Construction of Parker Dam, a concrete arch structure below the mouth of Bill Williams River, proceeded with half the cost paid by the Metropolitan Water District of Southern California. Frank Crowe, general superintendent at Hoover Dam, assumed the same role at Parker, which was subcontracted to the J. F. Shea Company, Inc., part of the Six Companies consortium that had constructed Hoover. By the fall of 1936, diversion tunnels were complete, turning the river aside so the extensive excavation work could begin. But troubles erupted anew in April 1937 when workers went on strike. Representatives of the American Federation of Labor (AFL) and the Congress of Industrial Organizations (CIO) were on the scene, trying to win the contract to represent the men. When the AFL won, some members of the CIO continued to maintain the picket line; on May 3 they were booted from camp by the contractor, who posted guards at the entrance. 

Parker Dam received its first bucket of concrete that July of 1937 and, one year later, the last bucket was poured. On October 16, 1938, Lake Havasu, Mojave for “blue water,” began to fill. On the lake shore, about two miles upstream from the dam, the W. P. Whitsett Intake Pumping Plant sent water into the Colorado River Aqueduct, as it continues to do. Parker Dam’s four-generator powerplant, which went into operation in 1942, reserves about half of the hydropower it generates to pump water along the aqueduct, which terminates at Lake Mathews near Riverside, California. 

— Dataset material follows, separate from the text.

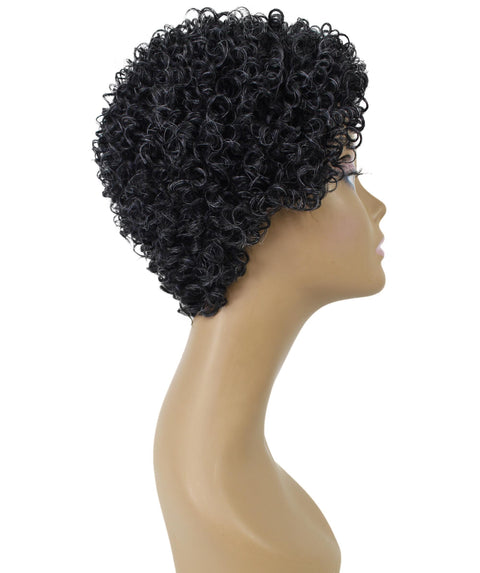Vale 11 inch Salt and Pepper Blend Afro Full Wig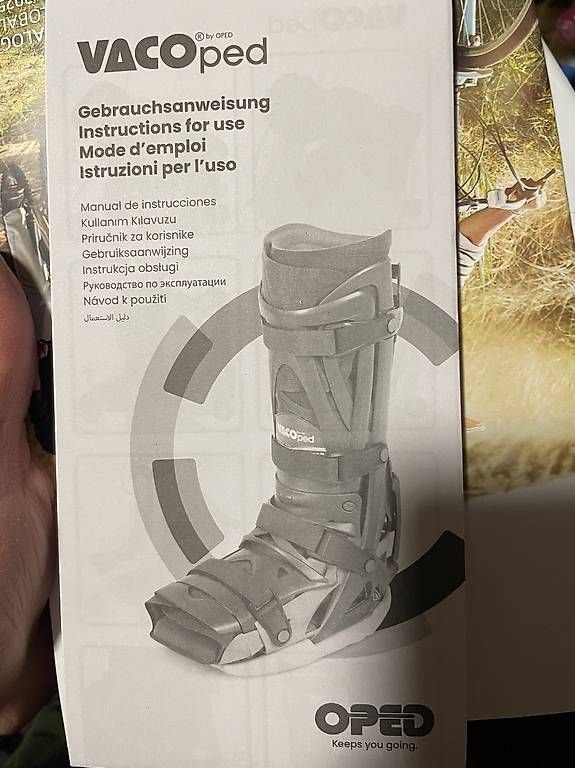 Attrezzature mediche: Vacoped mit Ausgleichsschuh + Socken – Usato da Steg VS venduto da mancio89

Hauling concrete.  Bureau of Reclamation
Hauling concrete. Bureau of Reclamation

The powerplant’s four, 22-foot diameter pipes, called penstocks, each can carry more than 41,000 gallons of water per second to turn the generators, which create the electric power that is sent over transmission lines for miles around. A system that interconnects Parker Dam with Hoover Dam and Davis Dam (completed upstream from Parker Dam in 1950) distributes electricity to Henderson, Nevada, on the north; Blythe, California, on the west; Yuma, Arizona, on the south; and Prescott, Phoenix, Tucson, and Cochise, Arizona, on the east. Along with a system of other dams and transmission facilities, known as the Colorado River Storage Project, 2,800 miles of high-voltage transmission lines serve 40 power substations managed from an office in Phoenix. The generating capacity of these Colorado River projects, marketed by the Western Area Power Administration, is enough to provide electric service for a year to more than two million homes. Colorado River hydroelectric energy brings annual revenues of more than $140 million to the U.S. Treasury. 

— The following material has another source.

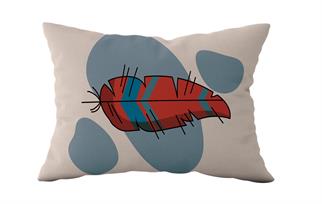 Evdek Çift Taraflı Dikdörtgen Kırlent Kılıf 2li Ds39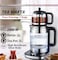 Electric Tea Maker with 2.0L Glass Water Kettle &amp; 1.0L Teapot &ndash; Dual Layer Base, Keep Warm Function, Stainless Steel Filter &ndash; Modern Tea Brewing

Parker Dam was dedicated on November 19, 1938--in a ceremony sponsored by Southern California’s Metropolitan Water District, which today has grown to a consortium of 26 cities and agencies serving 19 million people. The water district’s Colorado River Aqueduct can deliver one billion gallons of Colorado River water to southern California cities every day.                   

In the end, Arizona was not to be denied its share of the Colorado. In 1944, Arizona finally signed the Colorado River Compact, which opened the way for it to receive its 2.8 million cubic feet of the Colorado’s flow. But disagreements remained and were not settled until a prolonged court battle, decided by the U.S. Supreme Court in 1963. The decision, which generally favored Arizona, cleared the way for another Bureau of Reclamation project--the Central Arizona Project, which involved another aqueduct from Lake Havasu--this one pumping Colorado River water into Arizona. The backbone of the aqueduct system runs about 336 miles from Lake Havasu to a terminus southwest of Tucson. It was completed in 1993, but work remains to bring water to several Indian distribution systems.